The various parts of a computer system are not measured by
their physical size, but by how much data they can hold or by the speed with
which they operate. Here are some
standard abbreviations.
Prefix |
SI abbrev |
SI multiplier (base 10) |
Binary equivalent |
Kilo |
k |
1000 (103) |
1024 (210) |
Mega |
M |
1 million (106) |
1,048,576 (220) |
Giga |
G |
1 billion (109) |
230 |
Tera |
T |
1 trillion (1012) |
240 |
Peta |
P |
1015 |
250 |
Though the standard SI ("Système International", i.e. metric)
prefixes are formally defined to indicate powers of ten, we often find
it convenient in the computer world to use them to refer to a nearby
power of two instead, so for instance a kilobyte (1 kB) usually refers
to 1024 bytes. That said, manufacturers will often use whichever
meaning will make their product sound more impressive!

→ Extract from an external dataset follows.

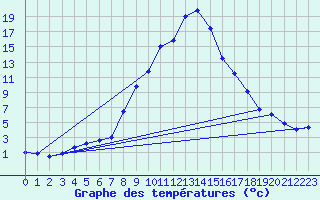 Courbe de tempratures pour Reit im Winkl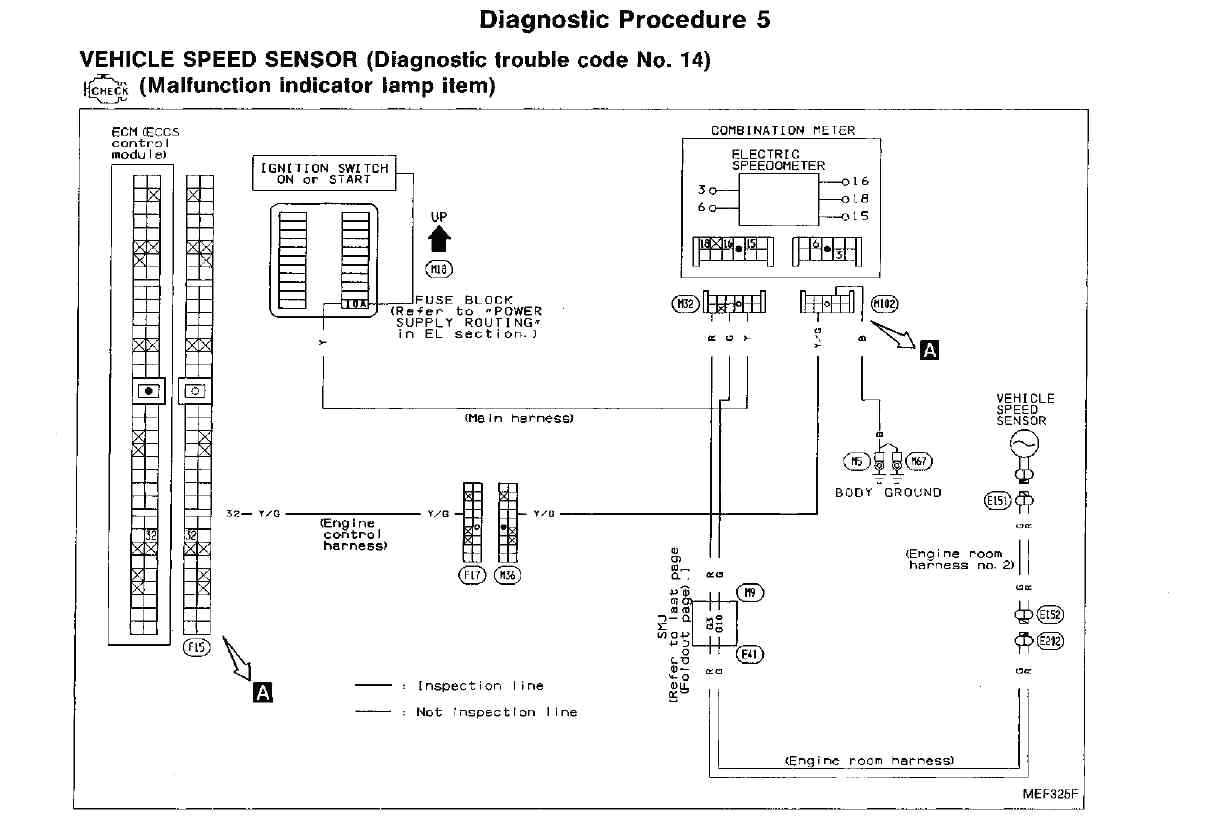 Sr20de Distributor Wiring Diagram Sr20de Wiring Diagram Wiring Diagram Ebook Sr20de Distributor Wiring Diagram Sr20de Wiring Diagram Wiring Diagram Ebook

Storage capacity is measured in bytes. A byte
is exactly 8 bits. (This has been true by definition for decades,
although in the early years there were some systems with
differently-sized bytes.)
Early microcomputers measured
their memory in kilobytes (kB).
For example, the first Apple II (1977) had 4KB of
RAM. The first IBM PC (1981) had 64KB. The Atari ST (1985)
was the first popular microcomputer to
advertise its memory in megabytes (MB).
It came with 1024 KB, or 1MB, of RAM.
Today, even the smallest and cheapest computers come with memory
measured in gigabytes (GB).
CPU speed is measured in Hertz (Hz). One Hertz is one
clock cycle, which is the time the computer takes to do one basic machine
operation. Computers work extremely quickly,
doing millions, or even billions, of basic operations per second. The
first Apple II had a 1 MHz
CPU, which meant it could do
around 1 million elementary operations per second. That is glacially
slow by today's
standards. If your CPU is still timed in MHz, you'd better replace it! Modern
machines are rated at
1.6 GHz and up.
Secondary storage devices have changed radically over the
years, both in type and in storage capacity. Early PCs made use of
spinning magnetic media—"disks" or "diskettes"—that measured their
capacity in kilobytes. "Zip" disks, mostly with a capacity of 100 MB,
were
popular for a while.
Few computers today come with diskette drives. Instead, they use CDs,
which can hold 682 MB,
and DVDs, which can store
4.7 GB. Dual layer DVDs can hold 8.5 GB.
thumb drives, also called flash drives or
jump drives, can hold from
a few MB to hundreds of GB, and their capacities are steadily
increasing.
Hard drives, which are internal, sealed disk drives, hold
far more information than diskettes or CDs.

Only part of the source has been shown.